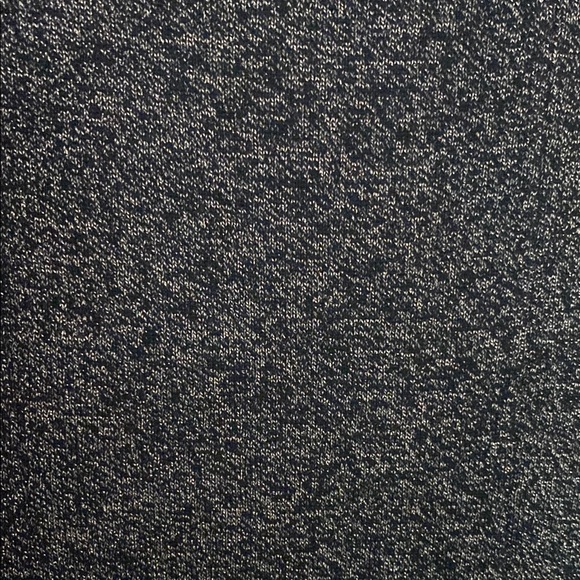 Elegant Black Long-Sleeve Dress - Picture 3 of 4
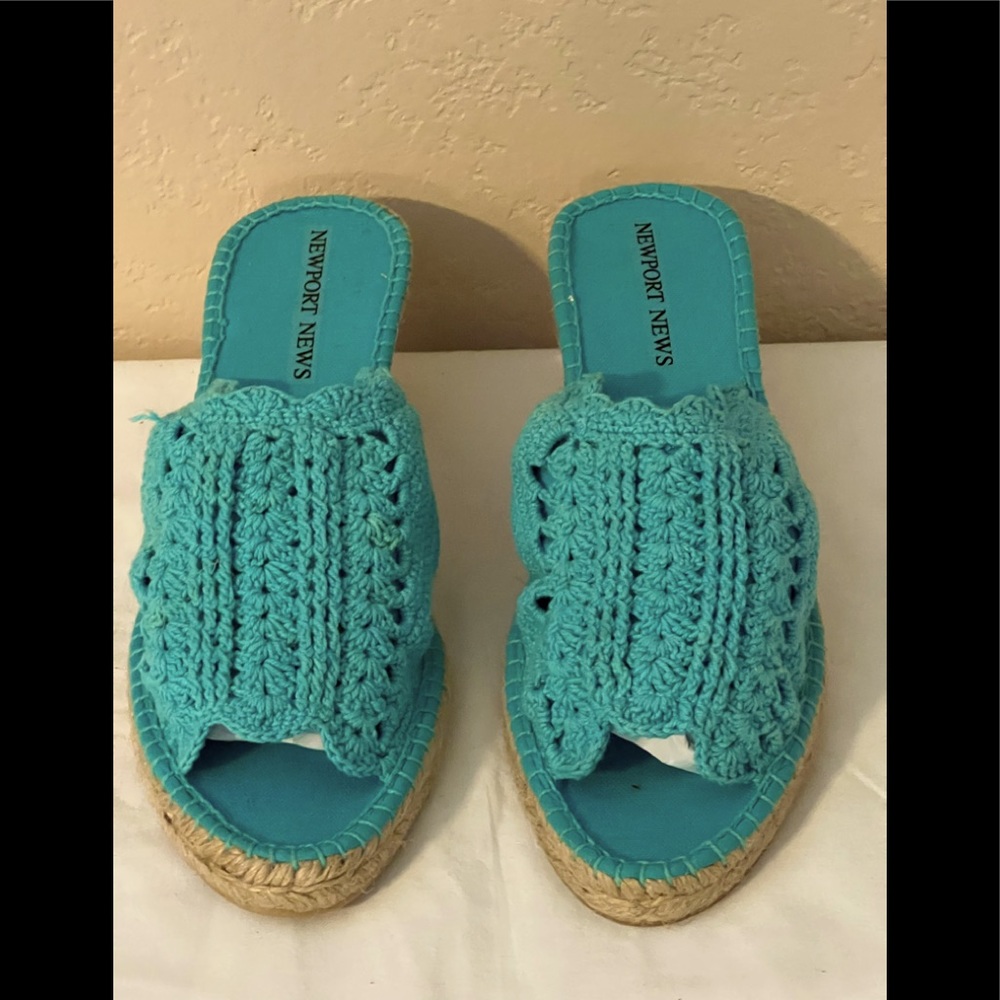 Espadrilles slide.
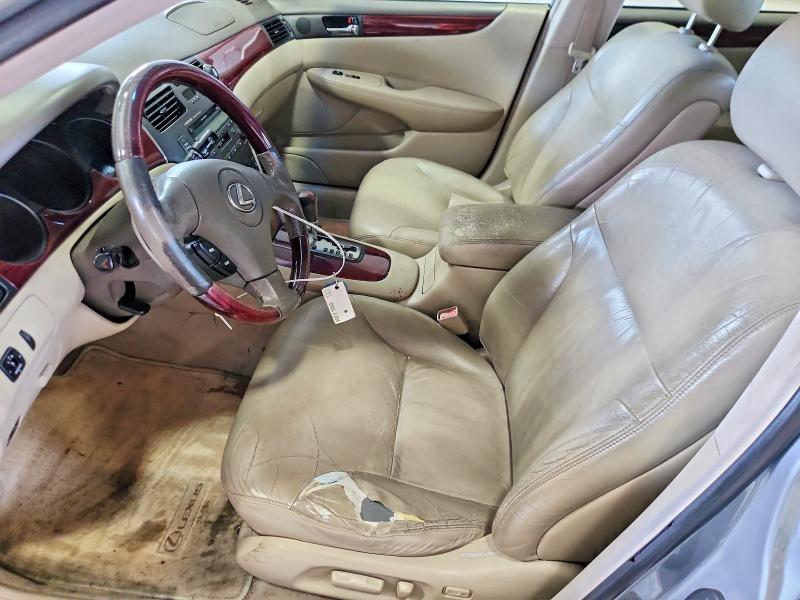 Photo 7 from auction – 2003 LEXUS ES with VIN JTHBF30GX30105122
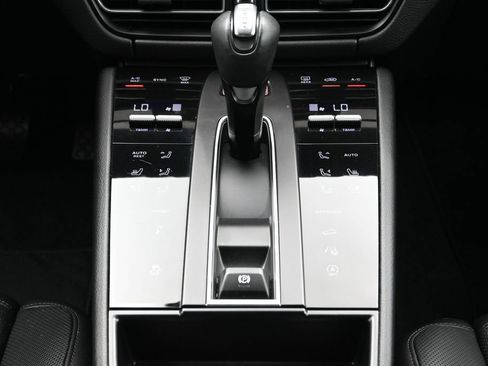Certified 2023 Porsche Macan AWD/4WD image 23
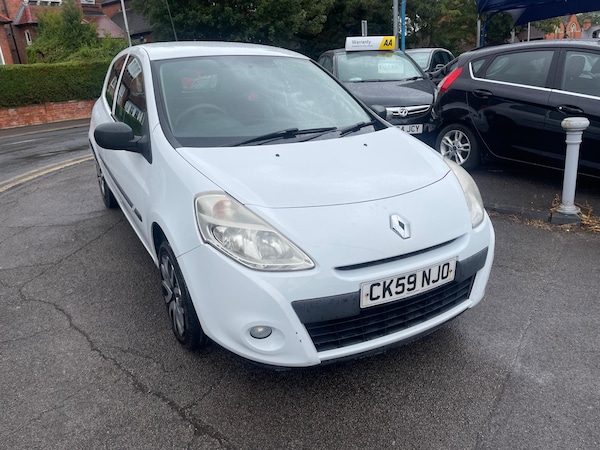 Used Renault Clio 2009 for sale - 74837765: Photo 1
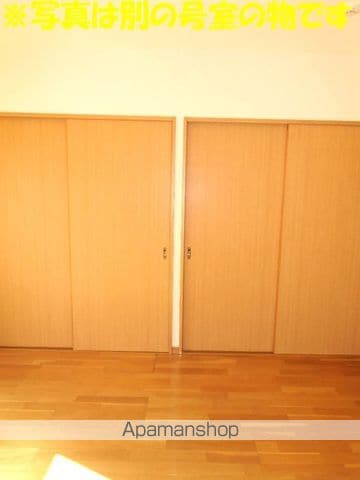 クレストスカーラカクの内装写真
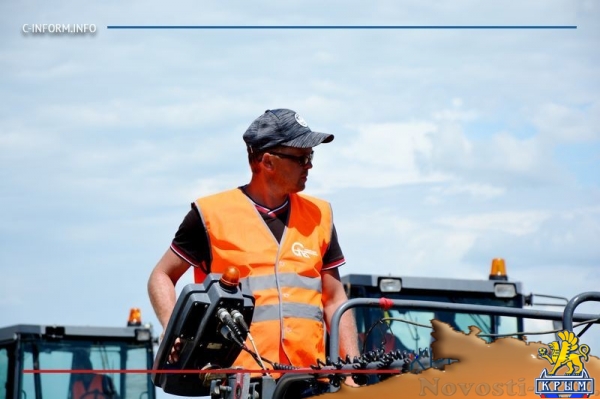 Строители уложили первый асфальт на километровом участке трассы Дубки – Левадки под Симферополем (ФОТО, ВИДЕО) - «Культура Крыма»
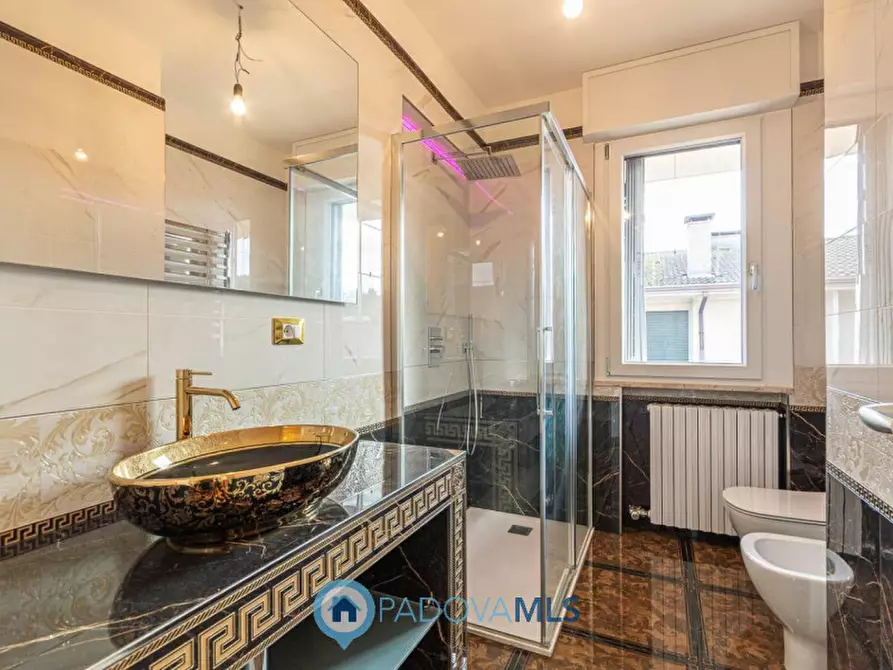 Immagine 13 di Appartamento in vendita  in Via Andrea Previtali a Abano Terme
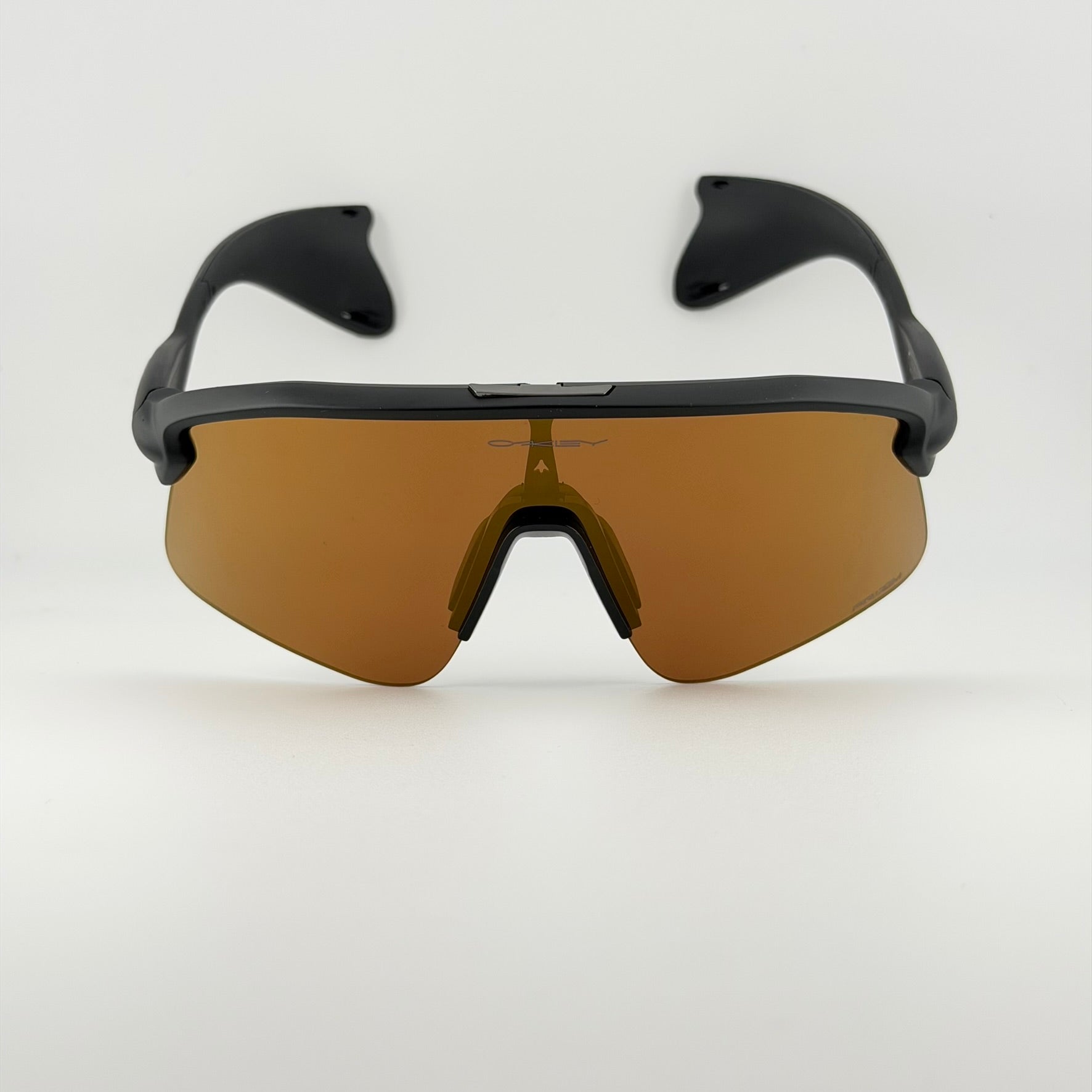 Gafa Oakley Stunt Devil negra dorada - Route Store Ctg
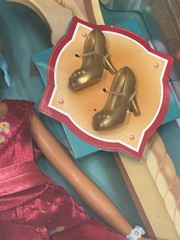 New 2015 Disney Elena Of Avalor Latina Princess Doll Royal Gown Accessories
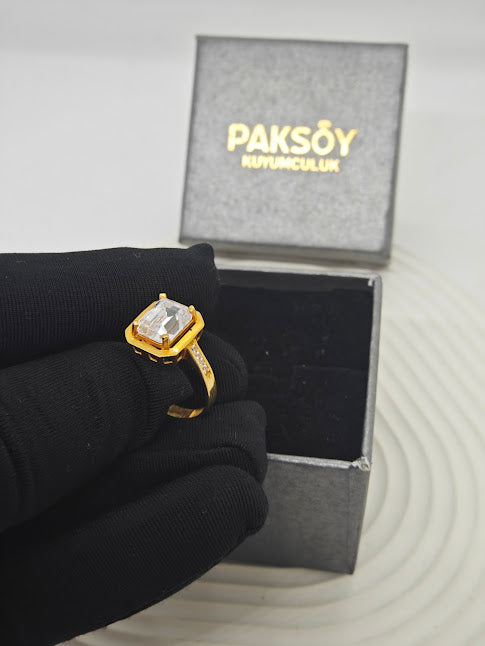 Küçük Taşlı 22 Ayar Altın Taşlı Yüzük T000108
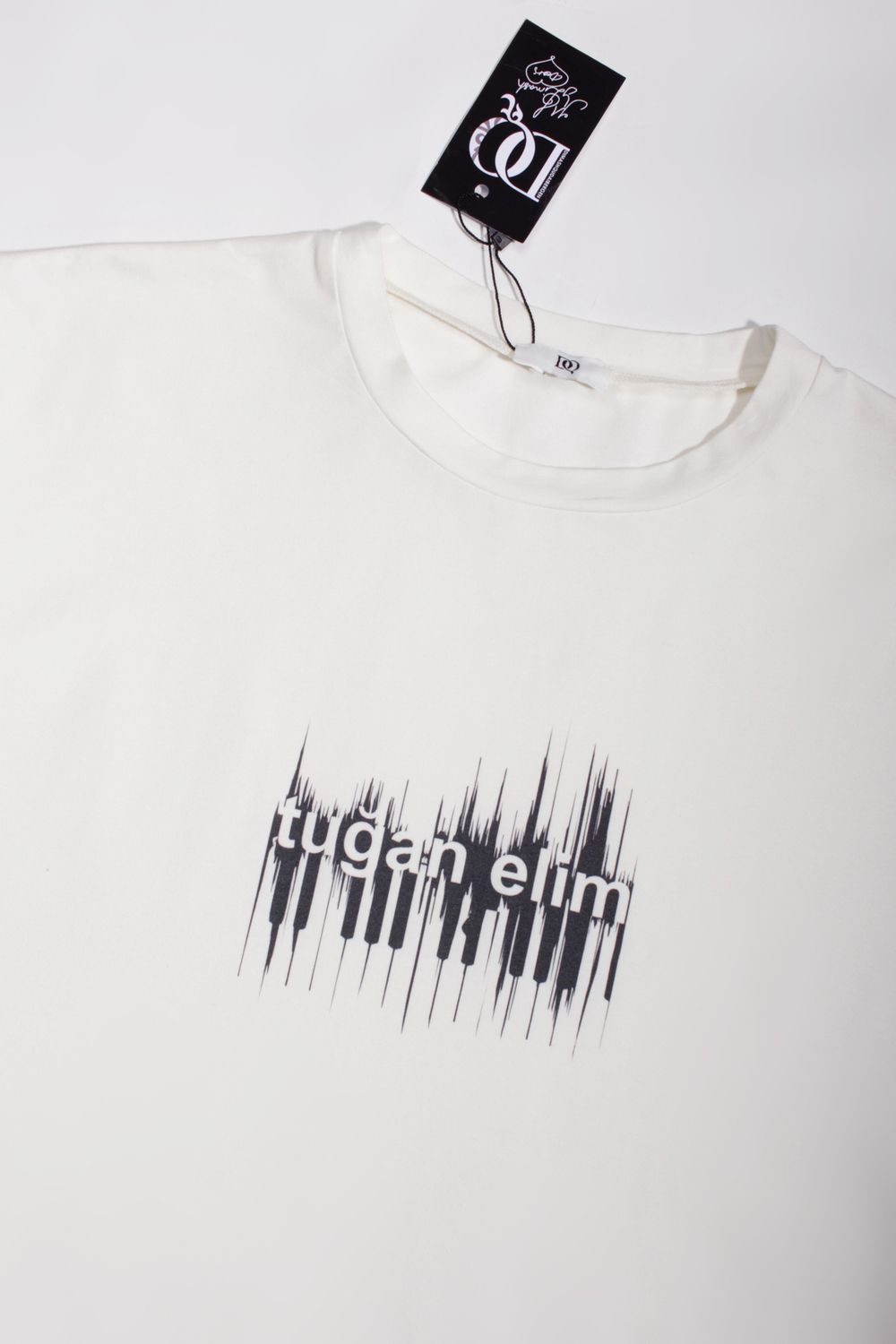 T-shirt with "Tugan elim" print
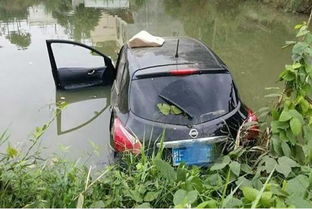 崇左 轿车失控冲进池塘,只因司机做了这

* [Task item] Copy the lines starting at the line that contains "クレストスカーラカクの内装写真" and running to the final line of the entries, inclusive; omit all pictures.

* [Solution for this problem]
 クレストスカーラカクの内装写真
 Строители уложили первый асфальт на километровом участке трассы Дубки – Левадки под Симферополем (ФОТО, ВИДЕО) - «Культура Крыма»
 Immagine 13 di Appartamento in vendita  in Via Andrea Previtali a Abano Terme
 Gafa Oakley Stunt Devil negra dorada - Route Store Ctg
 New 2015 Disney Elena Of Avalor Latina Princess Doll Royal Gown Accessories
 Küçük Taşlı 22 Ayar Altın Taşlı Yüzük T000108
 T-shirt with "Tugan elim" print
 崇左 轿车失控冲进池塘,只因司机做了这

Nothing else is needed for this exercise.